### Your instructions
Give back the line containing "Thumbnail: 2014 MINI Cooper Hardtop - 4" along with every line after it, exactly, until the entries end.

### Listed entries

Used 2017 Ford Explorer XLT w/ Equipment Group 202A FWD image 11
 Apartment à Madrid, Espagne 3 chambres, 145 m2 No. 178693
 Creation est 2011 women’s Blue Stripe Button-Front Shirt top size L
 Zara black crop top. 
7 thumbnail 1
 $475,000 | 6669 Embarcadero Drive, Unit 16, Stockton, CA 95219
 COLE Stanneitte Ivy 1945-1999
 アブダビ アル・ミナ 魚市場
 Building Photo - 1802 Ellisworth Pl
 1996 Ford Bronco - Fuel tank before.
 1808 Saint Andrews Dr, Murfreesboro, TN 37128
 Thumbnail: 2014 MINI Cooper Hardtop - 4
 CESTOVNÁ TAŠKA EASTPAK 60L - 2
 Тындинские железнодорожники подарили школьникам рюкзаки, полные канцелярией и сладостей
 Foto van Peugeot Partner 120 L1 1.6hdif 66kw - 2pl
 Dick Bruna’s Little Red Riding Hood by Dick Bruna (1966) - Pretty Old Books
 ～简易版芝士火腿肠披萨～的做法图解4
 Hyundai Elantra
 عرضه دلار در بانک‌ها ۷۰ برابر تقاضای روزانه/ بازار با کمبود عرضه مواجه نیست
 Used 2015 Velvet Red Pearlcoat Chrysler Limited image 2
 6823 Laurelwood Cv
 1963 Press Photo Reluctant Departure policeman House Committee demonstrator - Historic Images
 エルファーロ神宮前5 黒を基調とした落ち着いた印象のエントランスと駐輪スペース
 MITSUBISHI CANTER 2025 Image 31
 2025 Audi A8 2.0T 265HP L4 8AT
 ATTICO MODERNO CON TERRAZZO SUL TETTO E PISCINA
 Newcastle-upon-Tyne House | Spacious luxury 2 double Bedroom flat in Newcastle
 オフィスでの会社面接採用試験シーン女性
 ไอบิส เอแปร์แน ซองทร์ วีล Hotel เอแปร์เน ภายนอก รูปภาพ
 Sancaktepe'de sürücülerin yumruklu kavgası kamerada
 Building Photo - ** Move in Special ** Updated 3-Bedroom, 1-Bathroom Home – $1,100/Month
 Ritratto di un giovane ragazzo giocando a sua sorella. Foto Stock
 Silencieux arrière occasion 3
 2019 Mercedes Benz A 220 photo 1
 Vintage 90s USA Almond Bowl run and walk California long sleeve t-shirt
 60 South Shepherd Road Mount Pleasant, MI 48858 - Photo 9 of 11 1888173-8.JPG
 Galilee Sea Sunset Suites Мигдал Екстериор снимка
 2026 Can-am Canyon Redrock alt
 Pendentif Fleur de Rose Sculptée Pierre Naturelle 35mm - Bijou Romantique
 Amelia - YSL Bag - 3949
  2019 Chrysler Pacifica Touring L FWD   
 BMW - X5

### Written answer
 Thumbnail: 2014 MINI Cooper Hardtop - 4
 CESTOVNÁ TAŠKA EASTPAK 60L - 2
 Тындинские железнодорожники подарили школьникам рюкзаки, полные канцелярией и сладостей
 Foto van Peugeot Partner 120 L1 1.6hdif 66kw - 2pl
 Dick Bruna’s Little Red Riding Hood by Dick Bruna (1966) - Pretty Old Books
 ～简易版芝士火腿肠披萨～的做法图解4
 Hyundai Elantra
 عرضه دلار در بانک‌ها ۷۰ برابر تقاضای روزانه/ بازار با کمبود عرضه مواجه نیست
 Used 2015 Velvet Red Pearlcoat Chrysler Limited image 2
 6823 Laurelwood Cv
 1963 Press Photo Reluctant Departure policeman House Committee demonstrator - Historic Images
 エルファーロ神宮前5 黒を基調とした落ち着いた印象のエントランスと駐輪スペース
 MITSUBISHI CANTER 2025 Image 31
 2025 Audi A8 2.0T 265HP L4 8AT
 ATTICO MODERNO CON TERRAZZO SUL TETTO E PISCINA
 Newcastle-upon-Tyne House | Spacious luxury 2 double Bedroom flat in Newcastle
 オフィスでの会社面接採用試験シーン女性
 ไอบิส เอแปร์แน ซองทร์ วีล Hotel เอแปร์เน ภายนอก รูปภาพ
 Sancaktepe'de sürücülerin yumruklu kavgası kamerada
 Building Photo - ** Move in Special ** Updated 3-Bedroom, 1-Bathroom Home – $1,100/Month
 Ritratto di un giovane ragazzo giocando a sua sorella. Foto Stock
 Silencieux arrière occasion 3
 2019 Mercedes Benz A 220 photo 1
 Vintage 90s USA Almond Bowl run and walk California long sleeve t-shirt
 60 South Shepherd Road Mount Pleasant, MI 48858 - Photo 9 of 11 1888173-8.JPG
 Galilee Sea Sunset Suites Мигдал Екстериор снимка
 2026 Can-am Canyon Redrock alt
 Pendentif Fleur de Rose Sculptée Pierre Naturelle 35mm - Bijou Romantique
 Amelia - YSL Bag - 3949
  2019 Chrysler Pacifica Touring L FWD   
 BMW - X5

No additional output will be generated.